We will put forth a person who has done some evil deed, and our righteous anger at him is supposed to absolve us of any of our own moral guilt. And his punishment is supposed to be enough to lower the cosmic justice deficit so that our punishment just gets graciously overlooked, like a first time $40 overdraft fee (he said with experience).
We collectively put forward someone we all agree did something truly hideous to be our divine judgment-bearer (because even those who don’t believe in god believe in God).
“This one. Take him as our offering. He has _________. We are all outraged (and secretly grateful it wasn’t us who was put forth for our sins). We have banished him from the good graces of our society. Please look away from us, now.”
But even righteous outrage won’t make a man righteous. And another person who deserves punishment getting punished doesn’t make me any less deserving of mine. I need more than just a pointed finger and another sinner getting his just desserts.

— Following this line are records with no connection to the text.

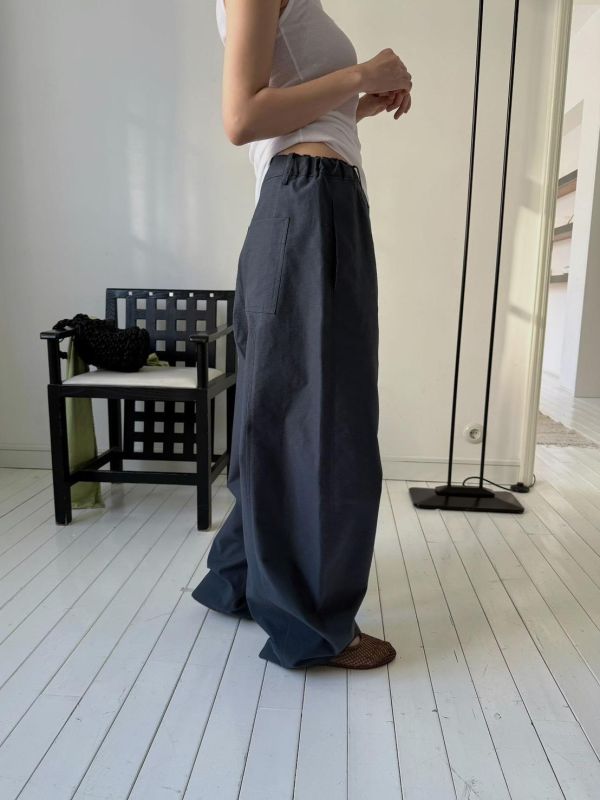 高級布料不易皺休閒褲 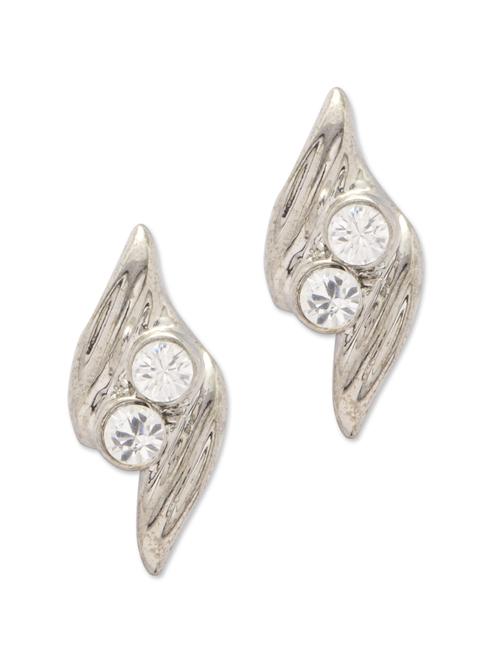 trendsetting silver earrings - 28420 - Very Small Image - 1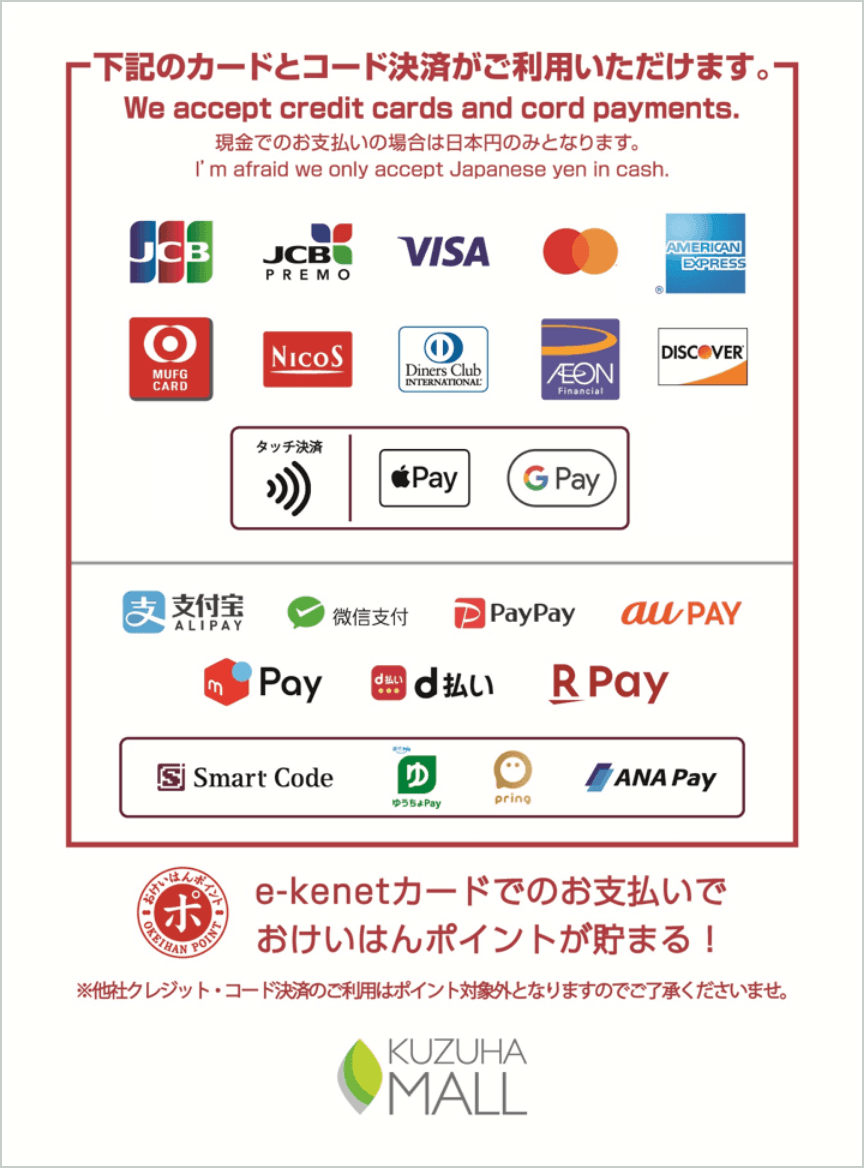 クレジット・コード決済のご案内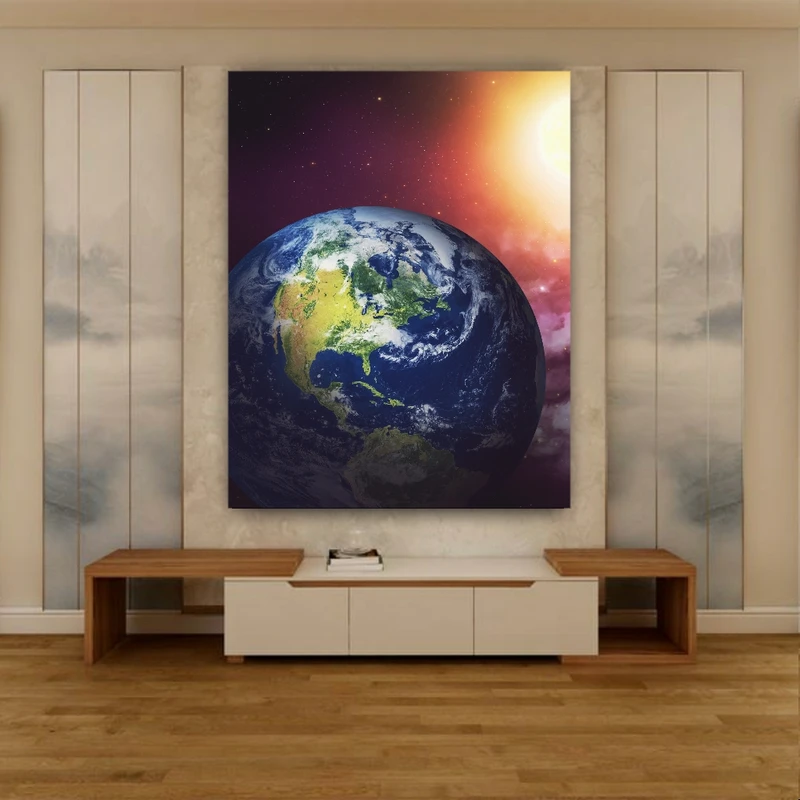 استیکر طرح کره زمین و کهکشان مدل SDA114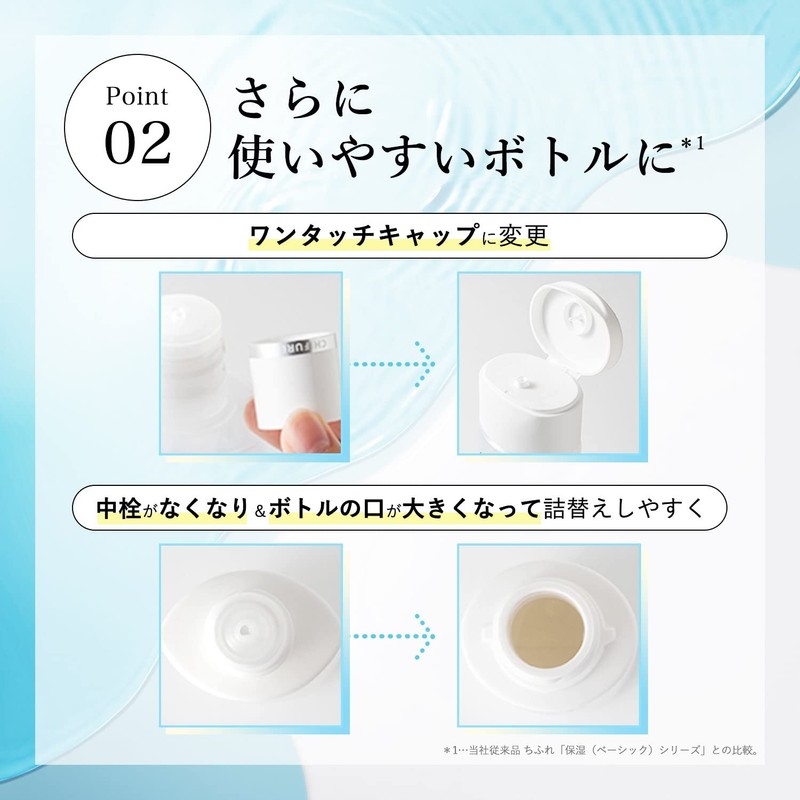 Chifure Moisturizing Skin Lotion, Refreshing Formulation, Refill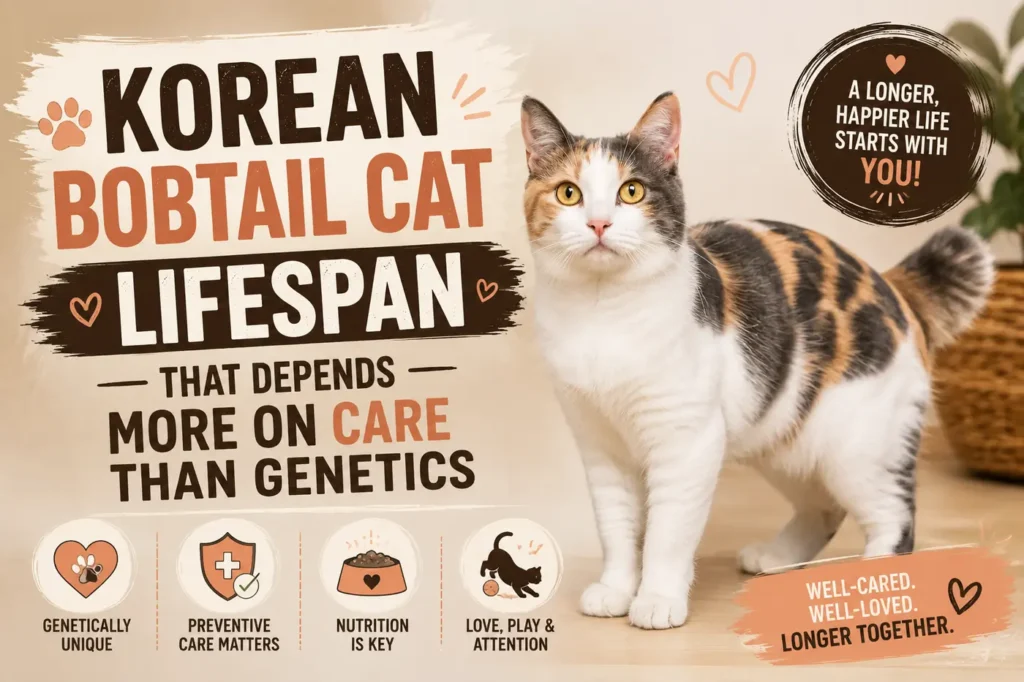 Korean Bobtail cat lifespan care guide thumbnail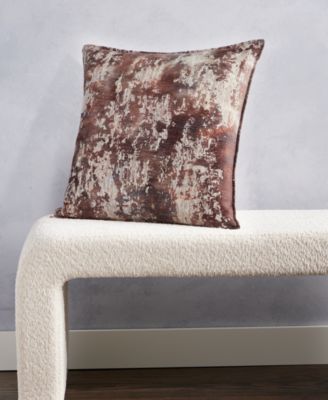 Burnout Velvet Decorative Pillow, 20" x 20", Macy's Exclusive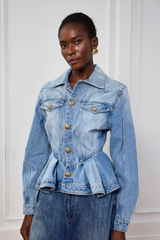 Tru Ruffle Bodycon Jacket
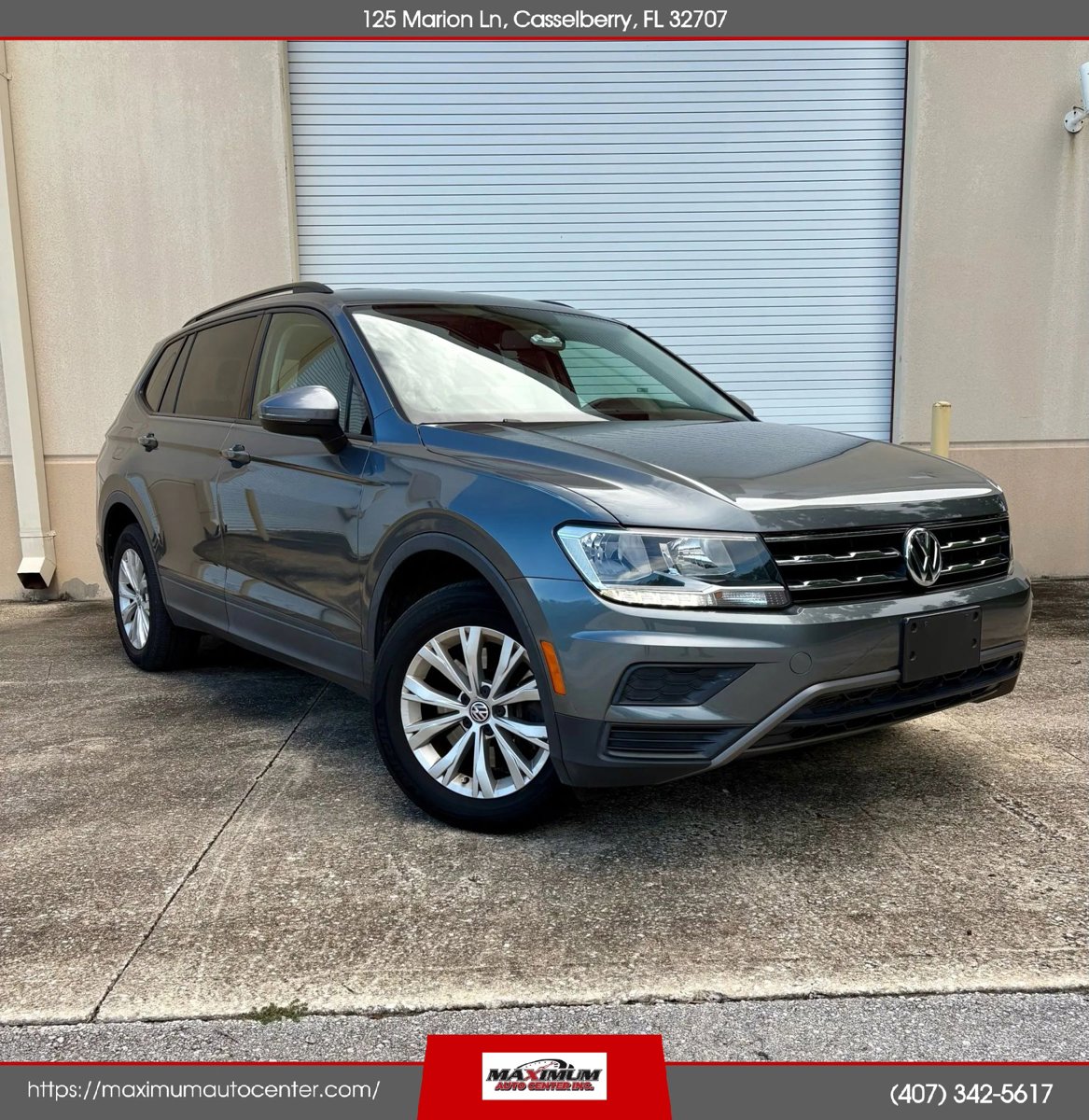 Used 2018 Volkswagen Tiguan S FWD image 2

I need a truly righteous man to give me his righteousness. And then I need him to take my punishment for me.
Now, there was actually a time in the reign of King David when God punished the land for the sin of a man long dead, but allowed for an imperfect human scapegoat to bring a temporary end to His judgment.
Now there was a famine in the days of David for three years, year after year. And David sought the face of the Lord. And the Lord said, ‘There is bloodguilt on Saul and on his house, because he put the Gibeonites to death.’ So the king called the Gibeonites and spoke to them. Now the Gibeonites were not of the people of Israel but of the remnant of the Amorites. Although the people of Israel had sworn to spare them, Saul had sought to strike them down in his zeal for the people of Israel and Judah. And David said to the Gibeonites, ‘What shall I do for you? And how shall I make atonement, that you may bless the heritage of the Lord?’ The Gibeonites said to him, ‘It is not a matter of silver or gold between us and Saul or his house; neither is it for us to put any man to death in Israel.’ And he said, ‘What do you say that I shall do for you?’ They said to the king, ‘The man who consumed us and planned to destroy us, so that we should have no place in all the territory of Israel, let seven of his sons be given to us, so that we may hang them before the Lord at Gibeah of Saul, the chosen of the Lord.’ And the king said, ‘I will give them.’ But the king spared Mephibosheth, the son of Saul’s son Jonathan, because of the oath of the Lord that was between them, between David and Jonathan the son of Saul. The king took the two sons of Rizpah the daughter of Aiah, whom she bore to Saul, Armoni and Mephibosheth; and the five sons of Merab the daughter of Saul, whom she bore to Adriel the son of Barzillai the Meholathite; and he gave them into the hands of the Gibeonites, and they hanged them on the mountain before the Lord, and the seven of them perished together. They were put to death in the first days of harvest, at the beginning of barley harvest.
2 Samuel 21:1-9
God allowed the deaths of these men, with their bodies hung up for all to see, to be His people’s scapegoat. He allowed them to be put forth as the people’s representatives.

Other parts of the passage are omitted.